Avez-vous changé d’opinion sur le télétravail ?

Les DRH au cœur de la crise | Les enseignements de la crise | publié le : 29.06.2020 |

Dominique Laurent (Schneider) : Le télétravail a réussi un stress test majeur, ce qui est le cas dans la plupart des sociétés du CAC40. En revanche, onze mois de télétravail à ce rythme-là, cela ne marche pas, sauf à en sortir avec des RPS, parce que c’est très épuisant, même si les salariés se sont affranchis de servitudes comme les transports. Si on va vers plus de télétravail, il va falloir définir ce qu’on attend du télétravail et du travail présentiel. Bref, articuler ce que les Anglais appellent le work from office et le work from home. Le télétravail va modifier la façon de travailler au bureau. Si l’on ne parvient pas à réfléchir de façon constructive, alors les collaborateurs ne voudront pas revenir. Le télétravail de demain n’est pas celui d’aujourd’hui auquel on ajouterait juste un ou deux jours.

Jean Agulhon (RATP) : La crise a permis de changer le regard de certains sur la question du télétravail. Nous nous sommes aperçus que des postes et des types d’activités que nous estimions ne pas être éligibles au télétravail pouvaient finalement l’être. Notamment, des postes administratifs RH pour lesquels nous pensions qu’il fallait que les gens soient présents car les flux informatiques ne le permettraient pas. Or ces personnes ont télétravaillé durant le confinement de manière tout à fait efficace. De ce fait, je pense que nous allons élargir le spectre des postes éligibles et assouplir les conditions de mise en œuvre du télétravail et qu’il va se démocratiser.

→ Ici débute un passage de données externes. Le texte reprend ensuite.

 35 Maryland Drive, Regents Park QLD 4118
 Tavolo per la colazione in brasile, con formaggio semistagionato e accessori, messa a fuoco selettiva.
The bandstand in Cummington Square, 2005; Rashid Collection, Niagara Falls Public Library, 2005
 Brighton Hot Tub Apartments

Cathy Desquesses (Sodexo) : Le télétravail va se poursuivre. Il était déjà bien ancré dans la culture de l’entreprise car, chez Sodexo, les salariés qui peuvent télétravailler sont évalués sur la réalisation de leurs objectifs, le temps de présence dans un lieu de travail est à discrétion. On a vu, avec la crise, que le travail à distance pouvait fonctionner mais qu’il avait ses limites, car on a tous besoin d’un lien social.

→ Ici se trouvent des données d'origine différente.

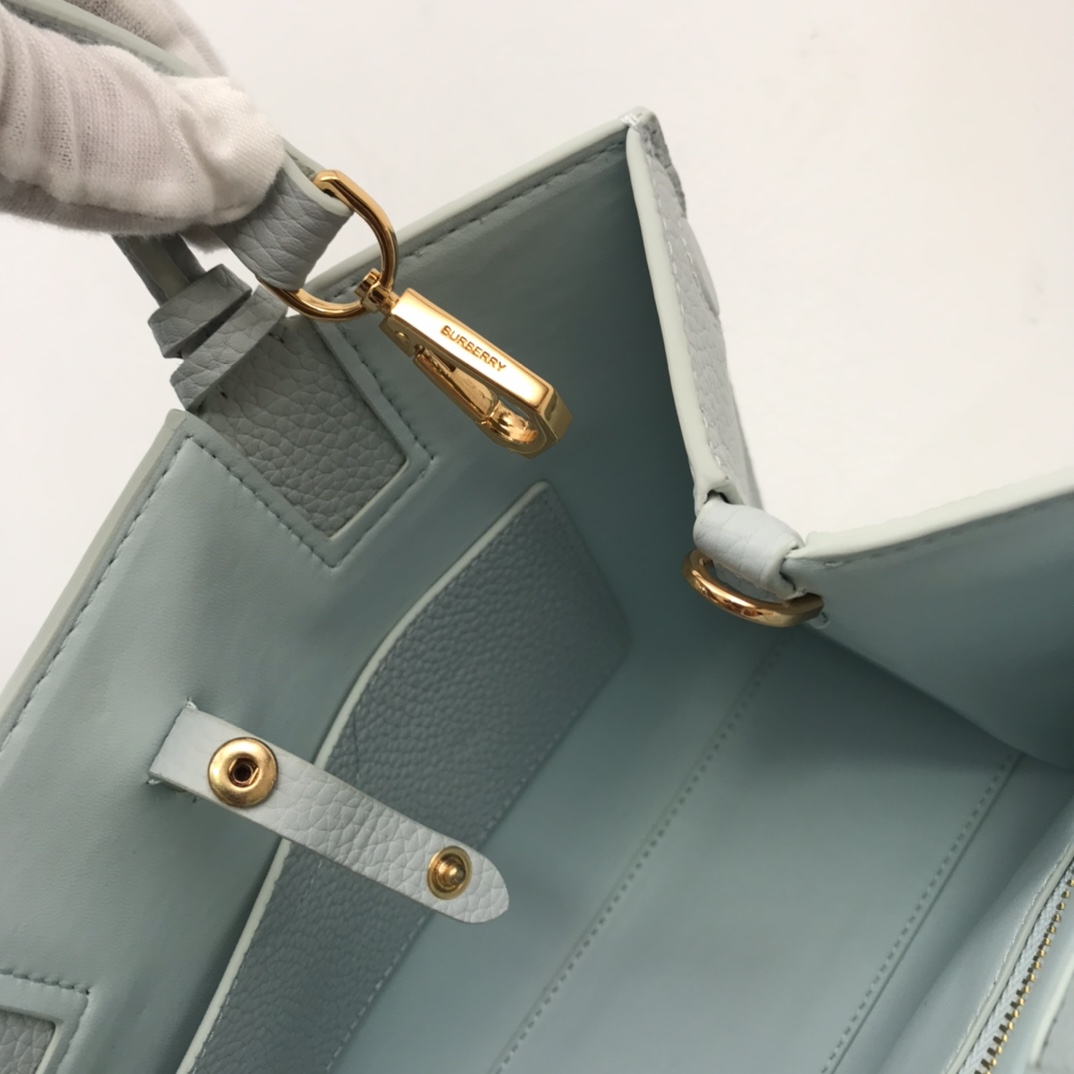 [TOP] BURBERRY Frances Detachable Shoulder Bags - White and Brown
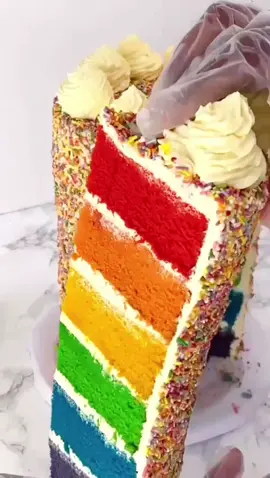 Who wants rainbow cake? ❤️🌈 #Cake #Rainbowcake #Baking #dessert #Rainbow #food #foodtiktok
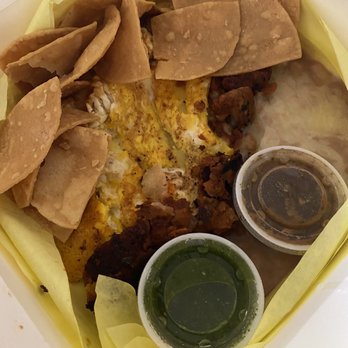 Martin's Comida Chingona - Chilaquiles - Mexican Near Me - Tucson, Arizona Martin's Comida Chingona - Chilaquiles - Mexican Near Me - Tucson, Arizona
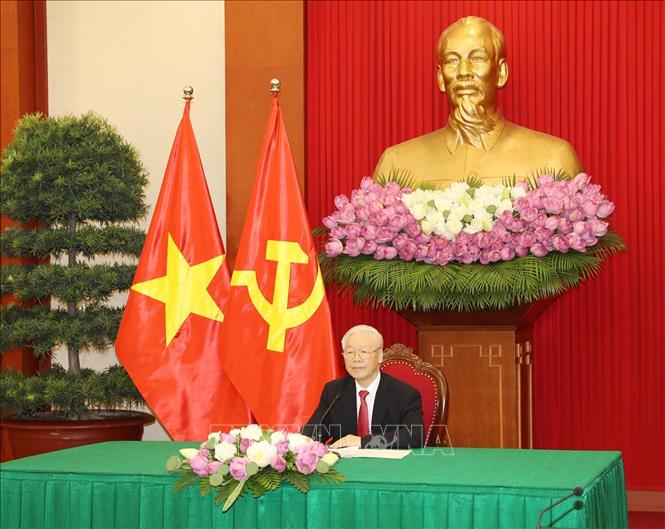Nguyễn Phú Trọng hiện là Chủ tịch nước Việt Nam và là một trong những nhân vật quan trọng nhất của đảng CSVN. Với lý tưởng xây dựng đất nước ngày càng được phát triển, ông đã góp phần không nhỏ vào sự thịnh vượng của đất nước. Thưởng thức hình ảnh về Chủ tịch nước để biết thêm về ông.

Xavier Chéreau (PSA) : La crise a renforcé la nécessité d’aller plus loin et d’aller plus vite. On peut fonctionner de façon très efficiente, en travaillant beaucoup mieux, en conciliant mieux la vie privée et la vie professionnelle, en redonnant du temps utile, gagné sur le temps de transports, en réduisant la fréquence des trajets domicile-travail, en redonnant de la liberté de mouvement à chacun d’entre nous, y compris dans son choix d’habitation, car venir sur site un jour et demi par semaine permet de s’éloigner un peu plus et d’avoir des logements de meilleure qualité. Il va falloir également revoir nos espaces de travail, certes en réduisant notre empreinte immobilière et notre empreinte carbone. Mais au-delà de ça, il va falloir investir et travailler sur nos ambiances de travail pour qu’elles soient plus qualitatives. Le rapport au travail, au lieu de travail, le rapport à l’autre vont changer.

Marine Henin-Duprez (Bonduelle) : Jusqu’à présent, ce n’était pas une problématique inscrite au cœur des préoccupations de l’entreprise et il pouvait même, à certains niveaux, susciter quelque méfiance. Ce que nous venons de traverser et les nouvelles manières d’être et de travailler, l’énergie et la créativité suscitées par la confiance, vont sans doute changer les mentalités et nous inciter à réfléchir sur le développement du travail à distance.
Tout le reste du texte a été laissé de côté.